───── THE RECORDS
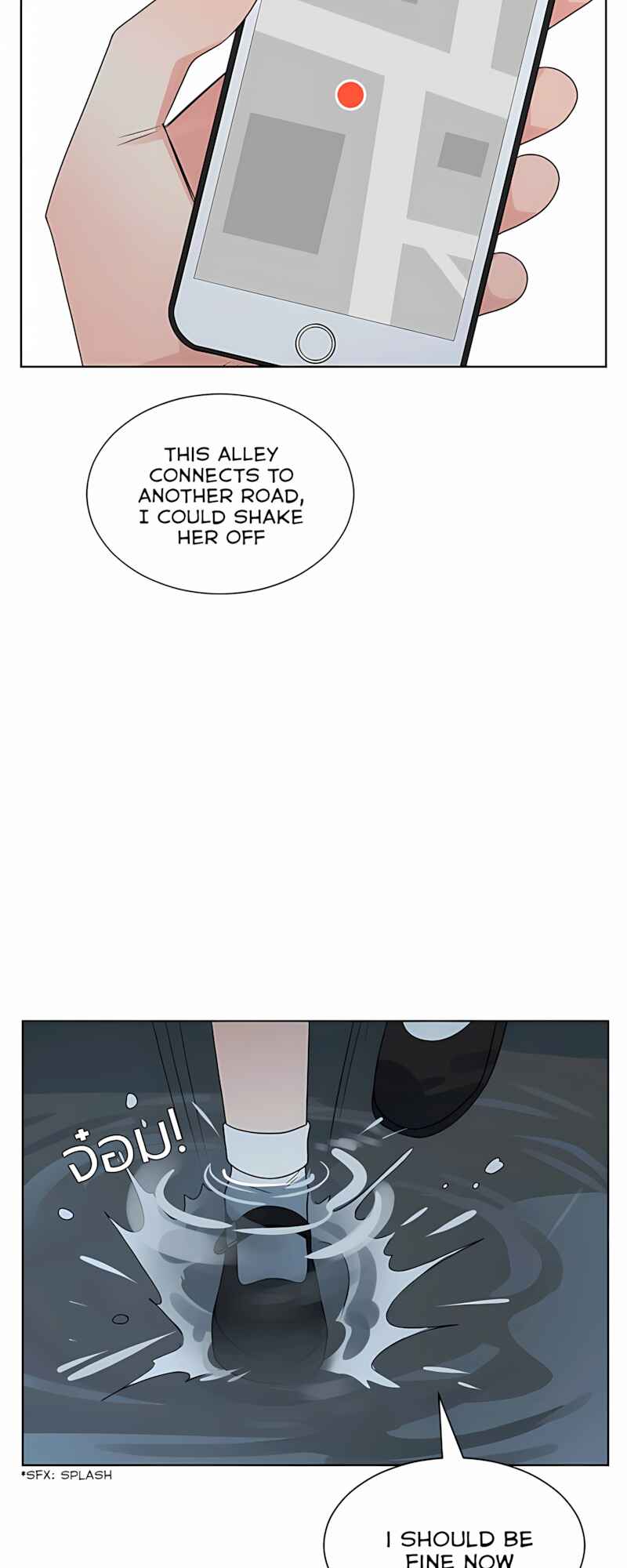 Pastel Love Chapter 55 - Page 39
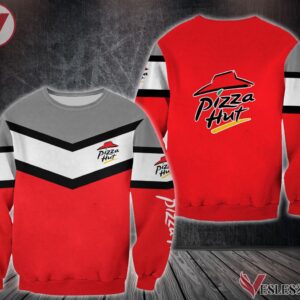 Pizza Hut Uniform Custom Clothes Style 90, Unique Gifts For Employee - Vesles2014s 2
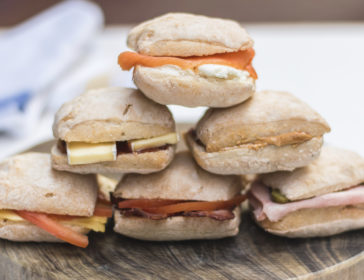 Knead Catering For Sandwiches And More In Hong Kong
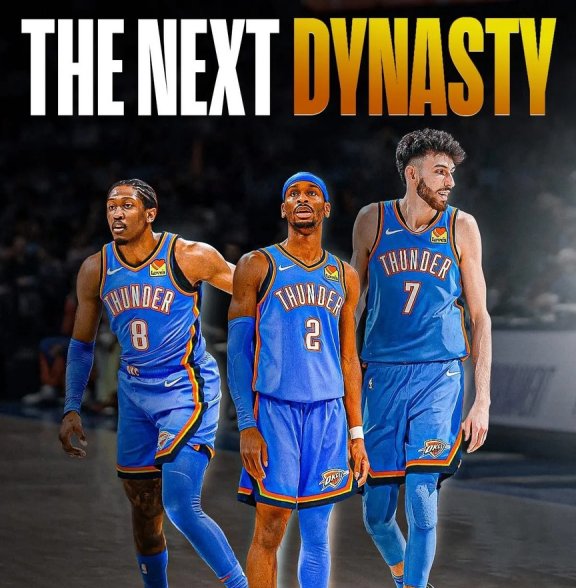 雷霆取得关键胜利，新秀联手老将打出精彩表现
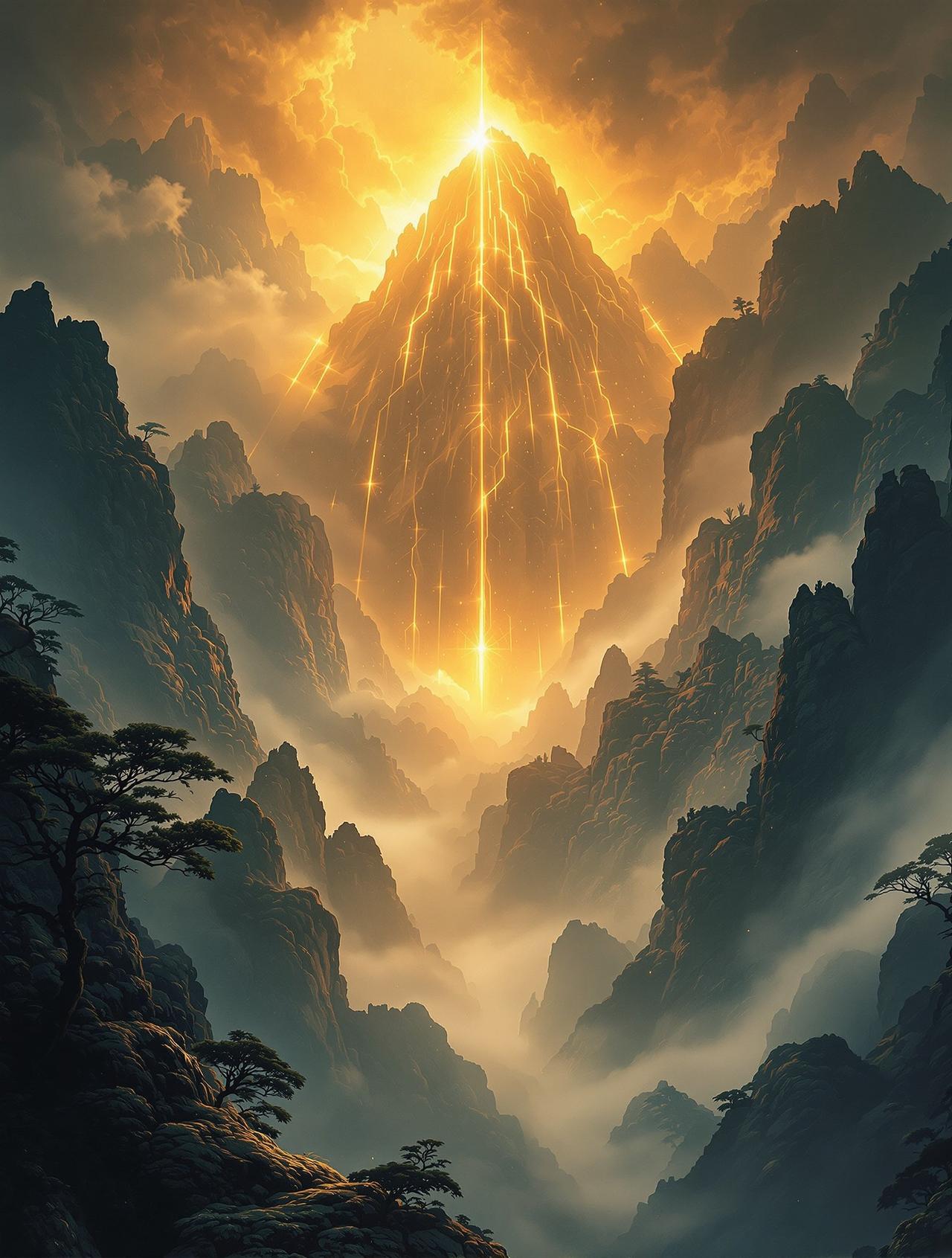 山海秘境 - 青青影视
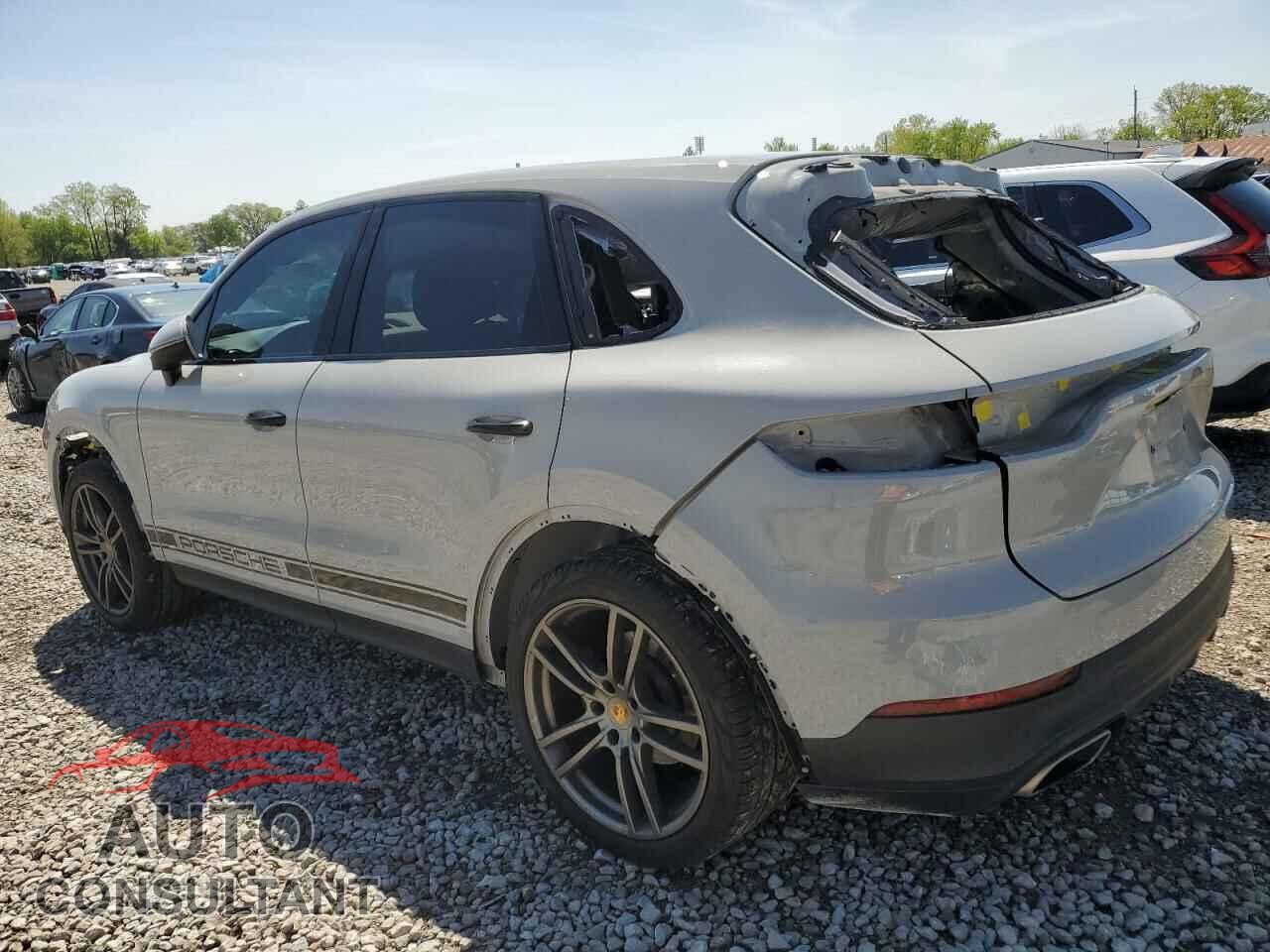 PORSCHE CAYENNE 2020 - WP1AA2AY5LDA07202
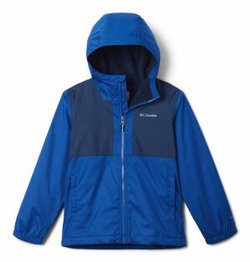 Rainy Trails™ II Fleece Lined Jacket Jr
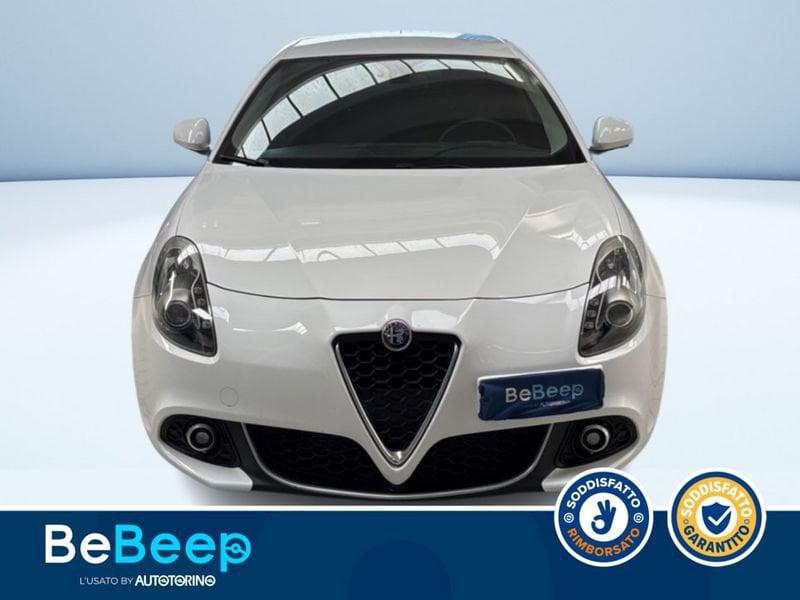 Alfa Romeo Giulietta 1.6 JTDM BUSINESS 120CV TCT MY19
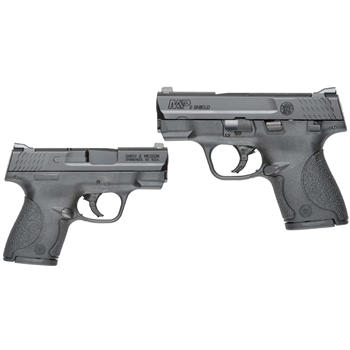   Smith & Wesson M&P SHIELD 9mm 3.1" 8 Rnd - $399.99 + Free Shipping - $399.99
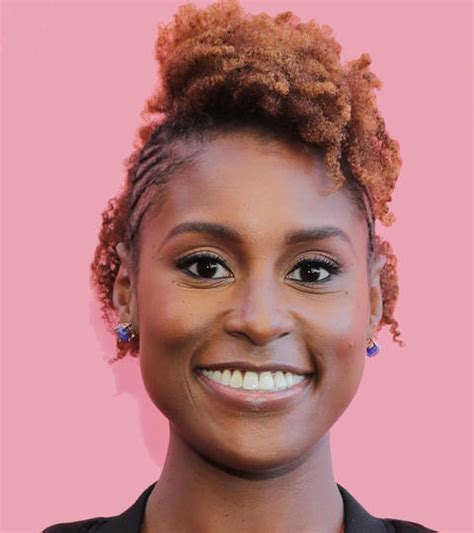These Issa Rae Natural Hair Styles Are To Die For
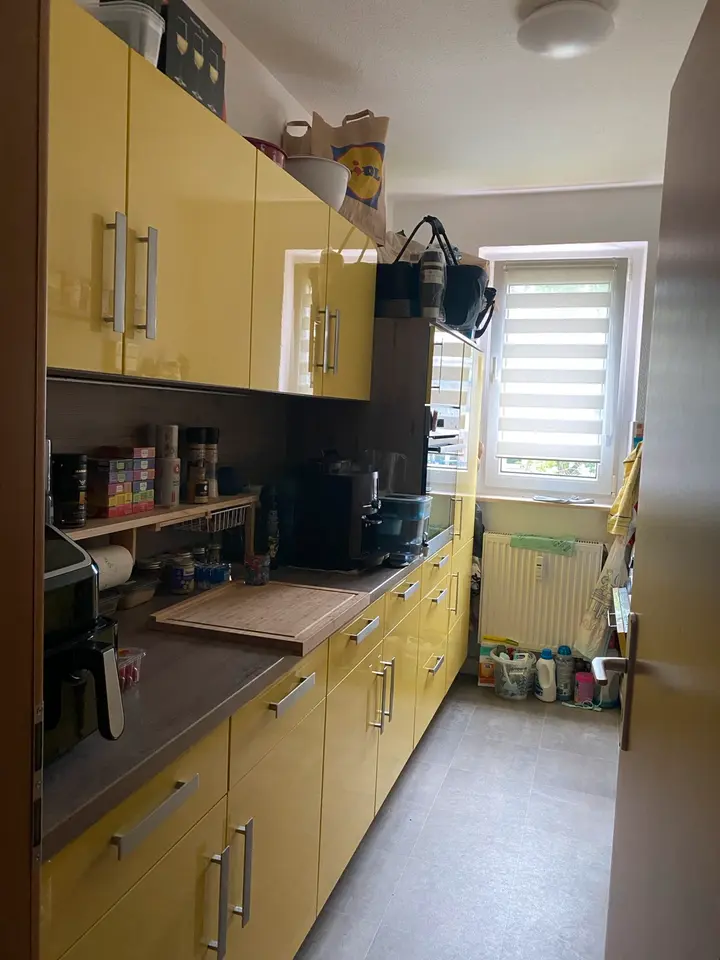 4 Zimmer Wohnung mit 71 m² in Sangerhausen – Bild 2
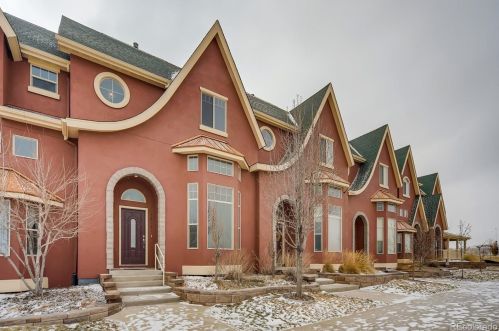 18060 French Creek Ave, Parker CO 80134-6683 exterior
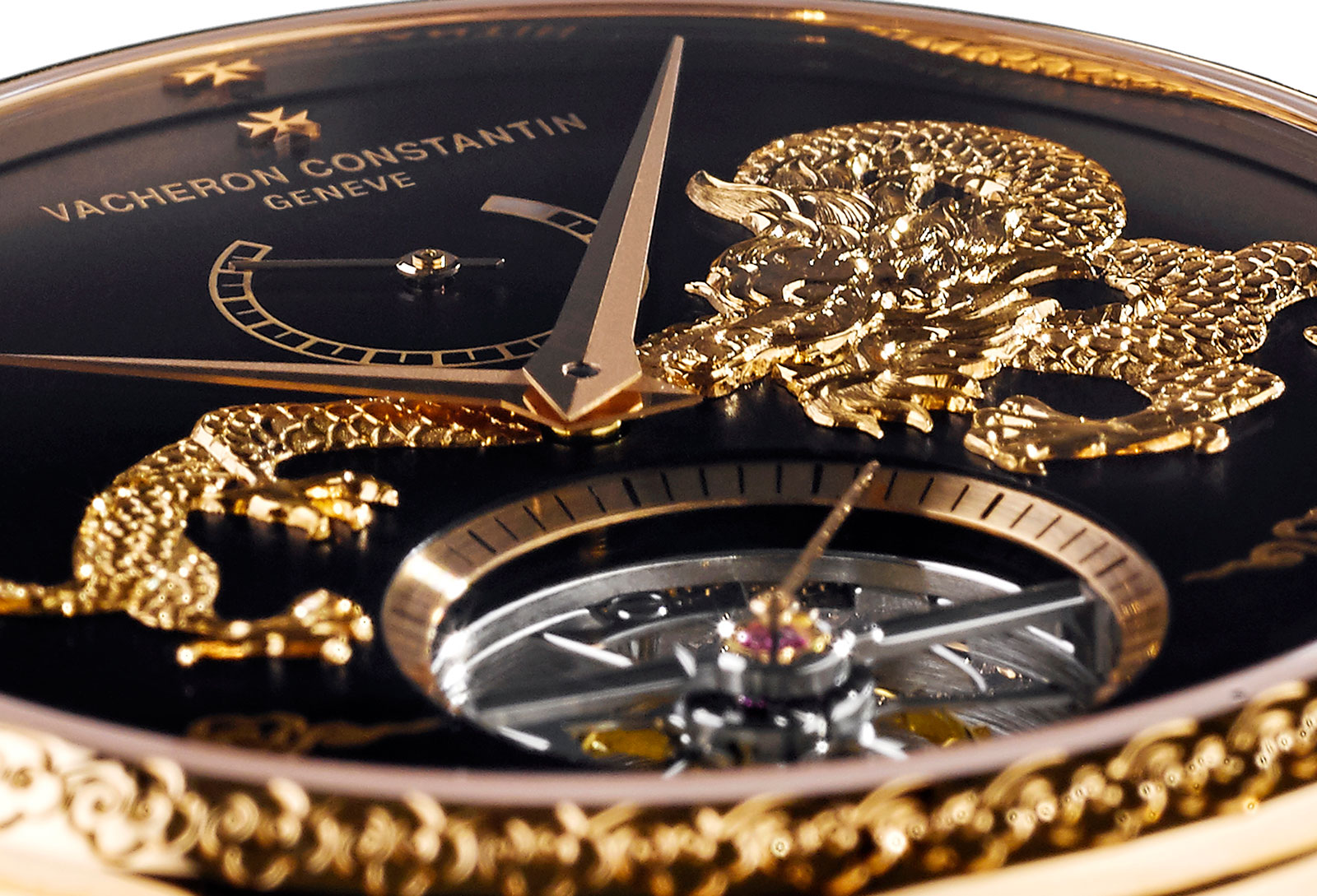 Vacheron constantin 2025 dragon price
──────────
• _WHAT THE TASK REQUIRES_
Word for word, give again the lines from the line with "18060 French Creek" through the end of the records above, with both ends included and the pictures left out.

• _WRITTEN ANSWER_
 18060 French Creek Ave, Parker CO 80134-6683 exterior
 Vacheron constantin 2025 dragon price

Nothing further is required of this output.